Search code examples
regexperlurl

How can I format URLs nicely in Perl?


I have a bunch of URLs that I have to turn into links:

for my $url (@url_list) {
    say "<a href='$url'>$url</a>";
}

Is there a module for making the visible URL nicer? A bit like this:

http://www.foo.com/ → www.foo.com
http://www.foo.com/long_path → www.foo.com/lo…
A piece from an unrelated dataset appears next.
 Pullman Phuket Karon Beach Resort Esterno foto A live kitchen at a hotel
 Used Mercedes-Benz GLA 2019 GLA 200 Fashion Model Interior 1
I know a simple regex will probably do here, but I’m spoiled by CPAN. :)


Solution

  • The trick is figuring out how you want to pretty-print each sort of URL, so in that case you need to tell your script what to do in each case:

    use URI;
    
    while( <DATA> ) {
        chomp;
        my $uri = URI->new( $_ );
    
        my $s = $uri->scheme;
        my $rest = do {
            if( $s =~ /(?:https?|ftp)/ ) {
                $uri->host . $uri->path_query
                }
            elsif( $s eq 'mailto' ) {
                $uri->path
                }
            elsif( ! $s ) {
                $uri
                }
            };
    
        print "$uri -> $rest\n";
        }
    
    __END__
    http://www.example.com/foo/bar.html
    www.example.com/foo/bar.html
    ftp://www.example.com
    mailto:joe@example.com
    https://www.example.com/foo?a=b;c=d
    http://joe:password@www.example.com/login
    

    This produces:

    http://www.example.com/foo/bar.html -> www.example.com/foo/bar.html
    www.example.com/foo/bar.html -> www.example.com/foo/bar.html
    ftp://www.example.com -> www.example.com
    mailto:joe@example.com -> joe@example.com
    https://www.example.com/foo?a=b;c=d -> www.example.com/foo?a=b;c=d
    http://joe:password@www.example.com/login -> www.example.com/login
    

    If you want something different for a particular URL, you just need to make a branch for it and put together the parts that you want. Notice the URI also handles schemeless URIs.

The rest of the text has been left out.